WHAT NEEDS TO BE DONE:
Please print the data shown below without any alteration.

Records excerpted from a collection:
--- --- ---
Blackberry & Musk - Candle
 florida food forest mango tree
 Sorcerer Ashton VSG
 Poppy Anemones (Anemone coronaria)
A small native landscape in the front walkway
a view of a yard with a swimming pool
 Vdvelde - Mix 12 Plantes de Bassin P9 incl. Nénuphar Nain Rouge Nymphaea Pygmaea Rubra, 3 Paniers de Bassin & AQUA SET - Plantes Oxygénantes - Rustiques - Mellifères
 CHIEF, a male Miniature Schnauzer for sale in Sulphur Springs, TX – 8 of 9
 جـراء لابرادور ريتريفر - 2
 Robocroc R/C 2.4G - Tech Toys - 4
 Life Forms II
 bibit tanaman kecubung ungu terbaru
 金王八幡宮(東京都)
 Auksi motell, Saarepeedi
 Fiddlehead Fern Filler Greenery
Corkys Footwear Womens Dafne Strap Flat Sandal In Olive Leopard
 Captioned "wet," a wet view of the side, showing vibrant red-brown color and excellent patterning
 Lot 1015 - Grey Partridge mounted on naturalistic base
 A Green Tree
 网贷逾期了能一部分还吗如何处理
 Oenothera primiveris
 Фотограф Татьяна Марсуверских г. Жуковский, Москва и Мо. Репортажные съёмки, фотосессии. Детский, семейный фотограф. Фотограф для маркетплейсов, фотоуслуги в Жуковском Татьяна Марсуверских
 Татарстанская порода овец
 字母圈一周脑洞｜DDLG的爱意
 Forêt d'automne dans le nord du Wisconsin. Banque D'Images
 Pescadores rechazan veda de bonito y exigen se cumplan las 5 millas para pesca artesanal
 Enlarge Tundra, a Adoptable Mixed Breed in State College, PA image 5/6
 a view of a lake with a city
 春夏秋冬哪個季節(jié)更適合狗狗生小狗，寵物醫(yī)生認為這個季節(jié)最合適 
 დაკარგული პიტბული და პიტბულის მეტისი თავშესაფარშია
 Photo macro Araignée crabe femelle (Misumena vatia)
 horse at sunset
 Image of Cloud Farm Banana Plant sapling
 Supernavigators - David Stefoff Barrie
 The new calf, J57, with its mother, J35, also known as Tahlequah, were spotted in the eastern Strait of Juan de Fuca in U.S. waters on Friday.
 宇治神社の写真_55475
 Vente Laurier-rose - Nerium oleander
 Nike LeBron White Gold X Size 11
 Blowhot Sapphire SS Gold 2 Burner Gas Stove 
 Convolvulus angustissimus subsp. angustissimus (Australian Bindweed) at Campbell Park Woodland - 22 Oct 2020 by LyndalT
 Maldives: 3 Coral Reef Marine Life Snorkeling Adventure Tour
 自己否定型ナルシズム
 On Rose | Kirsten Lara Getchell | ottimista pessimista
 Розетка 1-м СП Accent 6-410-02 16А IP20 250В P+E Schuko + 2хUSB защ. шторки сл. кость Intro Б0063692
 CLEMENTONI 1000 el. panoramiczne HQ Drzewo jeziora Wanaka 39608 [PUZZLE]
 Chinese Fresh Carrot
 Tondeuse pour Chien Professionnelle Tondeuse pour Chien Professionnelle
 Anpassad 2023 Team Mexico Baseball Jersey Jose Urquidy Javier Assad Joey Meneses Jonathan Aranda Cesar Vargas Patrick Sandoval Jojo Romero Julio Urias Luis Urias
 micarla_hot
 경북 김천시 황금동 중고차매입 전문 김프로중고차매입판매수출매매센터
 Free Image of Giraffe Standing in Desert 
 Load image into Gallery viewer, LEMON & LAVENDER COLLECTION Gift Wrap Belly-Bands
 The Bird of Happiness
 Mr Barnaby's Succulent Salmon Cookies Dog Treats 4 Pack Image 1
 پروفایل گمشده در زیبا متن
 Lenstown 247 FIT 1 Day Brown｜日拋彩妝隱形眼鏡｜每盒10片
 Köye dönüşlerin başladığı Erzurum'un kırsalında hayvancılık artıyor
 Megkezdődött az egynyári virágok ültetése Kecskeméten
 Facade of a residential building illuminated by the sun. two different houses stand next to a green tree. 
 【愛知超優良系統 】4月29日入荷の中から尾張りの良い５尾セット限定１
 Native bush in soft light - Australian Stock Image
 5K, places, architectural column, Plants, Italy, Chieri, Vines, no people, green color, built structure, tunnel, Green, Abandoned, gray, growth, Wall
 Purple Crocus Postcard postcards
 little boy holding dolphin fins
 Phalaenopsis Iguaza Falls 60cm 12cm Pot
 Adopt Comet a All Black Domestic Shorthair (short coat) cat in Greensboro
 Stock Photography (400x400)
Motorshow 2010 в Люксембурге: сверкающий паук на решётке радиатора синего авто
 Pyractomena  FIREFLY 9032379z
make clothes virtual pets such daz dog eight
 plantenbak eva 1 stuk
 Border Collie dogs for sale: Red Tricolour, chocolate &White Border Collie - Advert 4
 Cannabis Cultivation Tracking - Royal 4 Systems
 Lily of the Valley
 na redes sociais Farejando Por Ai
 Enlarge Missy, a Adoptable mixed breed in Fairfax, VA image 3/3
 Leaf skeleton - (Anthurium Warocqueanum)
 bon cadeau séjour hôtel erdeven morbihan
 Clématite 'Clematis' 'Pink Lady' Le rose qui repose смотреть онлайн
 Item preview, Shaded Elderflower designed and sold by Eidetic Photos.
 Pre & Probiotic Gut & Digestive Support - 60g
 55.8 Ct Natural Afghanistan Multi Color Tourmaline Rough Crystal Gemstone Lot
--- --- ---
SOLUTION:
Blackberry & Musk - Candle
 florida food forest mango tree
 Sorcerer Ashton VSG
 Poppy Anemones (Anemone coronaria)
A small native landscape in the front walkway
a view of a yard with a swimming pool
 Vdvelde - Mix 12 Plantes de Bassin P9 incl. Nénuphar Nain Rouge Nymphaea Pygmaea Rubra, 3 Paniers de Bassin & AQUA SET - Plantes Oxygénantes - Rustiques - Mellifères
 CHIEF, a male Miniature Schnauzer for sale in Sulphur Springs, TX – 8 of 9
 جـراء لابرادور ريتريفر - 2
 Robocroc R/C 2.4G - Tech Toys - 4
 Life Forms II
 bibit tanaman kecubung ungu terbaru
 金王八幡宮(東京都)
 Auksi motell, Saarepeedi
 Fiddlehead Fern Filler Greenery
Corkys Footwear Womens Dafne Strap Flat Sandal In Olive Leopard
 Captioned "wet," a wet view of the side, showing vibrant red-brown color and excellent patterning
 Lot 1015 - Grey Partridge mounted on naturalistic base
 A Green Tree
 网贷逾期了能一部分还吗如何处理
 Oenothera primiveris
 Фотограф Татьяна Марсуверских г. Жуковский, Москва и Мо. Репортажные съёмки, фотосессии. Детский, семейный фотограф. Фотограф для маркетплейсов, фотоуслуги в Жуковском Татьяна Марсуверских
 Татарстанская порода овец
 字母圈一周脑洞｜DDLG的爱意
 Forêt d'automne dans le nord du Wisconsin. Banque D'Images
 Pescadores rechazan veda de bonito y exigen se cumplan las 5 millas para pesca artesanal
 Enlarge Tundra, a Adoptable Mixed Breed in State College, PA image 5/6
 a view of a lake with a city
 春夏秋冬哪個季節(jié)更適合狗狗生小狗，寵物醫(yī)生認為這個季節(jié)最合適 
 დაკარგული პიტბული და პიტბულის მეტისი თავშესაფარშია
 Photo macro Araignée crabe femelle (Misumena vatia)
 horse at sunset
 Image of Cloud Farm Banana Plant sapling
 Supernavigators - David Stefoff Barrie
 The new calf, J57, with its mother, J35, also known as Tahlequah, were spotted in the eastern Strait of Juan de Fuca in U.S. waters on Friday.
 宇治神社の写真_55475
 Vente Laurier-rose - Nerium oleander
 Nike LeBron White Gold X Size 11
 Blowhot Sapphire SS Gold 2 Burner Gas Stove 
 Convolvulus angustissimus subsp. angustissimus (Australian Bindweed) at Campbell Park Woodland - 22 Oct 2020 by LyndalT
 Maldives: 3 Coral Reef Marine Life Snorkeling Adventure Tour
 自己否定型ナルシズム
 On Rose | Kirsten Lara Getchell | ottimista pessimista
 Розетка 1-м СП Accent 6-410-02 16А IP20 250В P+E Schuko + 2хUSB защ. шторки сл. кость Intro Б0063692
 CLEMENTONI 1000 el. panoramiczne HQ Drzewo jeziora Wanaka 39608 [PUZZLE]
 Chinese Fresh Carrot
 Tondeuse pour Chien Professionnelle Tondeuse pour Chien Professionnelle
 Anpassad 2023 Team Mexico Baseball Jersey Jose Urquidy Javier Assad Joey Meneses Jonathan Aranda Cesar Vargas Patrick Sandoval Jojo Romero Julio Urias Luis Urias
 micarla_hot
 경북 김천시 황금동 중고차매입 전문 김프로중고차매입판매수출매매센터
 Free Image of Giraffe Standing in Desert 
 Load image into Gallery viewer, LEMON & LAVENDER COLLECTION Gift Wrap Belly-Bands
 The Bird of Happiness
 Mr Barnaby's Succulent Salmon Cookies Dog Treats 4 Pack Image 1
 پروفایل گمشده در زیبا متن
 Lenstown 247 FIT 1 Day Brown｜日拋彩妝隱形眼鏡｜每盒10片
 Köye dönüşlerin başladığı Erzurum'un kırsalında hayvancılık artıyor
 Megkezdődött az egynyári virágok ültetése Kecskeméten
 Facade of a residential building illuminated by the sun. two different houses stand next to a green tree. 
 【愛知超優良系統 】4月29日入荷の中から尾張りの良い５尾セット限定１
 Native bush in soft light - Australian Stock Image
 5K, places, architectural column, Plants, Italy, Chieri, Vines, no people, green color, built structure, tunnel, Green, Abandoned, gray, growth, Wall
 Purple Crocus Postcard postcards
 little boy holding dolphin fins
 Phalaenopsis Iguaza Falls 60cm 12cm Pot
 Adopt Comet a All Black Domestic Shorthair (short coat) cat in Greensboro
 Stock Photography (400x400)
Motorshow 2010 в Люксембурге: сверкающий паук на решётке радиатора синего авто
 Pyractomena  FIREFLY 9032379z
make clothes virtual pets such daz dog eight
 plantenbak eva 1 stuk
 Border Collie dogs for sale: Red Tricolour, chocolate &White Border Collie - Advert 4
 Cannabis Cultivation Tracking - Royal 4 Systems
 Lily of the Valley
 na redes sociais Farejando Por Ai
 Enlarge Missy, a Adoptable mixed breed in Fairfax, VA image 3/3
 Leaf skeleton - (Anthurium Warocqueanum)
 bon cadeau séjour hôtel erdeven morbihan
 Clématite 'Clematis' 'Pink Lady' Le rose qui repose смотреть онлайн
 Item preview, Shaded Elderflower designed and sold by Eidetic Photos.
 Pre & Probiotic Gut & Digestive Support - 60g
 55.8 Ct Natural Afghanistan Multi Color Tourmaline Rough Crystal Gemstone Lot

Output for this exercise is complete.